The LR Hunter is a bolt-action, centerfire, repeating rifle that feeds from a detachable box magazine. Its carbon-steel action is mated to a 24.1″ medium-contour barrel that is cut with 5R rifling—in the PRC-chambered rifles, it is rifled to a twist rate of 1:8″. Exterior barrel features include deep longitudinal fluting for weight reduction and increased cooling, a 5/8×24-TPI threaded muzzle for the addition of a brake or a sound suppressor and a matte-blued finish to match that of the receiver.
Once assembled, this barreled action is set within a hybrid stock that is comprised of a beech-wood core covered entirely by a synthetic, polymer-based material. The stock is then finished with spider web micro-texturing throughout to enhance grip, particularly in moist conditions. Everything is held in place by a pair of action screws that lock the main contact points against aluminum bedding pillars, ensuring repeatable accuracy. The LR Hunter features a familiar two-lug, push-feed bolt—with a 90-degree throw—and its body is spiral-fluted to shave off a bit of weight and add a touch of flair.
Before going to the range for accuracy testing, we turned our attention to the LBA (Lightning Bolt-Action) trigger system that comes standard with the Patriot LR Hunter. It features a safety blade that must be depressed before the trigger will fire, providing a measure of drop safety. The trigger is also user-adjustable, which is accomplished by removing the stock and turning a single screw clockwise to increase the required pressure to discharge the firearm or counterclockwise to decrease it.
Our test sample showed up from the factory at its lowest setting of 2 lbs., 2 ozs., and we were able to adjust it all the way up to a maximum pull weight of 5 lbs., 8 ozs. As our next stop was the range, we turned it back down to its lowest setting and re-installed the stock.
Disassembly was about as simple as it gets with a bolt-action rifle: After removing the magazine by pulling the forward-mounted release toward the trigger guard and cycling the bolt to the rear to ensure the firearm was unloaded, the bolt was removed by depressing the release located on the left side of the receiver and pulling it completely to the rear. Most scenarios won’t require more than this for periodic maintenance, however, if you are inclined to detach the action from the stock, it is as simple as removing the aforementioned action screws.

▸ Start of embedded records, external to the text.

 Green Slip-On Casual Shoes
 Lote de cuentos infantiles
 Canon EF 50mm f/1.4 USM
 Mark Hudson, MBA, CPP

We were able to obtain samples of hunting ammunition from Federal, Hornady and Nosler that spanned a variety of common weights for this cartridge. From a rested sandbag position, we fired groups for accuracy while recording velocity and any notable characteristics. Chief among these was the Monte Carlo-style stock that positions the eye just a bit higher above the receiver than a straight comb would. We test-fired the rifle without any sort of recoil aid attached to the muzzle and were pleasantly surprised by how shootable it was.

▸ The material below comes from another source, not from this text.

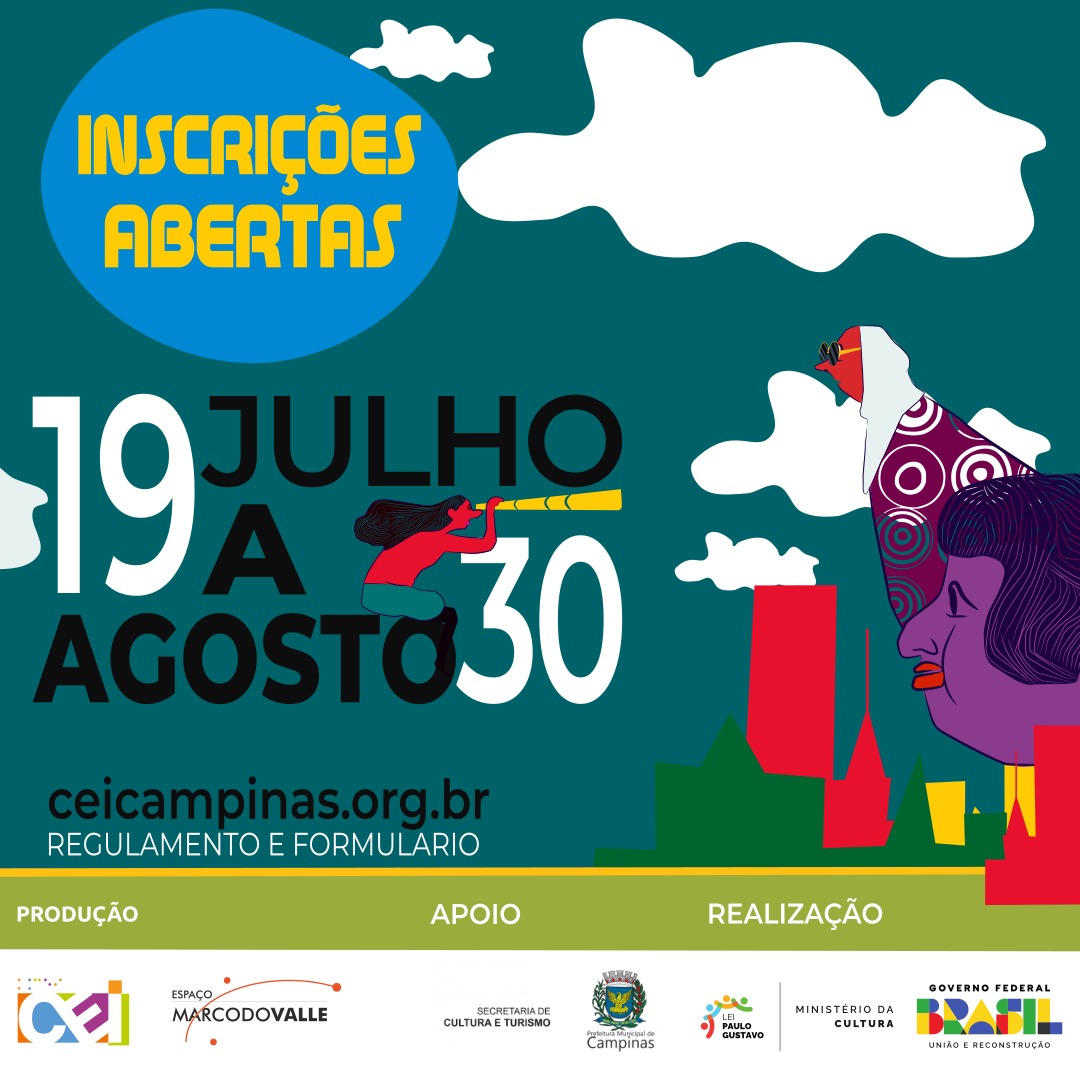 Evento será nos dias 18 e 19 de outubro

After conducting formal accuracy testing, we engaged steel plates out to 500 yards in a variety of field positions. We found that, although the rifle has an overall length of 44.5″, it balanced and lent itself to irregular support quite well, thanks to its flattened fore-end. The fore-end is home to two sling swivels, allowing for the simultaneous use of both a bipod and a sling. During both stages of testing, the gun fed, fired and ejected every round without any issues.
While the accuracy that our test sample exhibited was not superb, it would be adequate for big-game hunting out to several hundred yards. On the other hand, several of our testers commented on the gun’s excellent ergonomics, and, even without a muzzle brake installed, the recoil of the 7-lb., 6-oz., rifle was easy to manage.
The ultimate goal in building a hunting rifle is to make one that is equally light on the back and easy on the shoulder. Mossberg succeeded on both counts with the 6.5 mm PRC-chambered Patriot LR Hunter, while—given its MSRP of $766—also making it relatively light on the wallet, too.